Остальные постепенно приблизились к столу, за исключением молодого человека с галстуком бабочкой, который не тронулся с места и не произнес ни слова за все время собрания.
— АПТО официально заверило нас, — сказала Пьеретта, — что реорганизация Сотенного цеха не повлечет за собой ни одного увольнения. Многие рабочие поверили этим обещаниям. Кое-кто даже позволил себя убедить, что «Рационализаторская операция» будет выгодна трудящимся Клюзо. Однако тридцать три рабочих только что получили расчет, и это лишь первая партия.
Затем Пьеретта зачитала список уволенных, в числе которых было несколько чернорабочих, две уборщицы, ночной сторож, старичок, в обязанности которого входила в зимнее время топка печей в конторе, а в летнее время поливка палисадника перед зданием конторы, кое-кто из обслуживающего персонала, стекольщик, который целыми днями ходил по цехам в поисках разбитой форточки, — это и был тот самый старик, что, усевшись, снял очки и протер их; был среди увольняемых и один мастер, но он не пожелал явиться на собрание, боясь скомпрометировать себя общением с рабочими, — он еще надеялся выкрутиться из беды. Нобле был его школьным товарищем, и мастер решил попросить начальника личного стола замолвить за него словечко; наконец, несколько молодых девушек, которые еще вчера были ученицами, и несколько пожилых женщин, почти достигших пенсионного возраста.

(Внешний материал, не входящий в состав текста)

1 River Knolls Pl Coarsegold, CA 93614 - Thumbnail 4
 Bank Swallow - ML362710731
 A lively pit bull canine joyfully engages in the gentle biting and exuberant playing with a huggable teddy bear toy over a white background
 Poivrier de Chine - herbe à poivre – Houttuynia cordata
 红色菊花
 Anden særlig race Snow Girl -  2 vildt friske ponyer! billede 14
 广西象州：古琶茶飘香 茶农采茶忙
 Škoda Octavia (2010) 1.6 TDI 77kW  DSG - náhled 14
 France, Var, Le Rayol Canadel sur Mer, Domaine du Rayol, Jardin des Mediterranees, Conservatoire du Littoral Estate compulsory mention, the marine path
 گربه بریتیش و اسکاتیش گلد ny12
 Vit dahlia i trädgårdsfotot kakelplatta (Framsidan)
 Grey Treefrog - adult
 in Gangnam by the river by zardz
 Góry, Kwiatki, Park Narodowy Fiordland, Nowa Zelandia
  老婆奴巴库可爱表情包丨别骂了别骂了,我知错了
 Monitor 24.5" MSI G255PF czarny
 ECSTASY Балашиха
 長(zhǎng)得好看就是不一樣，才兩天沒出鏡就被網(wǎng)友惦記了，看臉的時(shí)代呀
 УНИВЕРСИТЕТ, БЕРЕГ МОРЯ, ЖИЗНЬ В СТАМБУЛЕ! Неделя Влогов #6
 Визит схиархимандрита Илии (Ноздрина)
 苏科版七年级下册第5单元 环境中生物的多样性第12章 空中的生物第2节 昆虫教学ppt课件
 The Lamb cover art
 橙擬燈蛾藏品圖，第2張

На сей раз дирекция АПТО нанесла удар по наиболее слабым, наиболее робким, наиболее неловким, наиболее беззащитным — словом, выбрала таких, чтобы при случае можно было сослаться на то, что их держали до сих пор только из милости или просто терпели. Дирекция одним взмахом вымела «двор чудес», ибо при каждом крупном предприятии где-нибудь в закоулках всегда ютится свой «двор чудес». Большинство уволенных были «неорганизованные». Только один был членом ВКТ. Короче, дирекцию АПТО нельзя было сейчас упрекнуть в политическом пристрастии.
— АПТО, — продолжала Пьеретта, — утверждает, что оно сдержало свое слово и никто из работниц, работающих на станках, не уволен. На первый взгляд это кажется правдоподобным, но это ложь, так как известное число работниц ткацкого цеха переведено на подсобные должности для замены увольняемых товарищей.